■ Material for the task
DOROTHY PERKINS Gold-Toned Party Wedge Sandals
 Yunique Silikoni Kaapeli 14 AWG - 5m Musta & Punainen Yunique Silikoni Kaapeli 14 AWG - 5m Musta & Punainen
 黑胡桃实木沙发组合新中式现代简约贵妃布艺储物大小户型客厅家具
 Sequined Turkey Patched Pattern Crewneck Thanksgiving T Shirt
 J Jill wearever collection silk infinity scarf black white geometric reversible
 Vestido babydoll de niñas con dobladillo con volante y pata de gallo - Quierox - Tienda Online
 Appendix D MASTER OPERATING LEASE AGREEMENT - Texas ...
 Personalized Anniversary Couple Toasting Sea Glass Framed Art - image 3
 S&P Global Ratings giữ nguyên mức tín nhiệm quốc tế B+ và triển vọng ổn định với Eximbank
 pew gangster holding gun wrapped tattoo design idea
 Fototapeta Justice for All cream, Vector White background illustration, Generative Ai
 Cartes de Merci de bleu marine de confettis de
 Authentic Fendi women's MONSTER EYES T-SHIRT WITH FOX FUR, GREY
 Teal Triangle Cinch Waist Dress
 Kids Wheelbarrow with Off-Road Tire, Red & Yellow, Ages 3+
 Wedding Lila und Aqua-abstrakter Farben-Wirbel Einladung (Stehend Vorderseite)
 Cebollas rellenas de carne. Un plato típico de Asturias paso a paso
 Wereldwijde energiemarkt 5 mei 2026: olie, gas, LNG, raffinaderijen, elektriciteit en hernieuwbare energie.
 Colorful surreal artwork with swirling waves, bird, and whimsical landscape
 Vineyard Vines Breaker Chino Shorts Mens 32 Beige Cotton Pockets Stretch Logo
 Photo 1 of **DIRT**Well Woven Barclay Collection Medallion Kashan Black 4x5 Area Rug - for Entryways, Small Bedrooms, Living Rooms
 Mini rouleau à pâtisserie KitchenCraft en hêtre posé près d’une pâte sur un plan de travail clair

■ Problem to solve
The expected output is the run of lines from the one that includes "Cebollas rellenas de" through the end of the listing above, exactly as they stand.

■ Task response
 Cebollas rellenas de carne. Un plato típico de Asturias paso a paso
 Wereldwijde energiemarkt 5 mei 2026: olie, gas, LNG, raffinaderijen, elektriciteit en hernieuwbare energie.
 Colorful surreal artwork with swirling waves, bird, and whimsical landscape
 Vineyard Vines Breaker Chino Shorts Mens 32 Beige Cotton Pockets Stretch Logo
 Photo 1 of **DIRT**Well Woven Barclay Collection Medallion Kashan Black 4x5 Area Rug - for Entryways, Small Bedrooms, Living Rooms
 Mini rouleau à pâtisserie KitchenCraft en hêtre posé près d’une pâte sur un plan de travail clair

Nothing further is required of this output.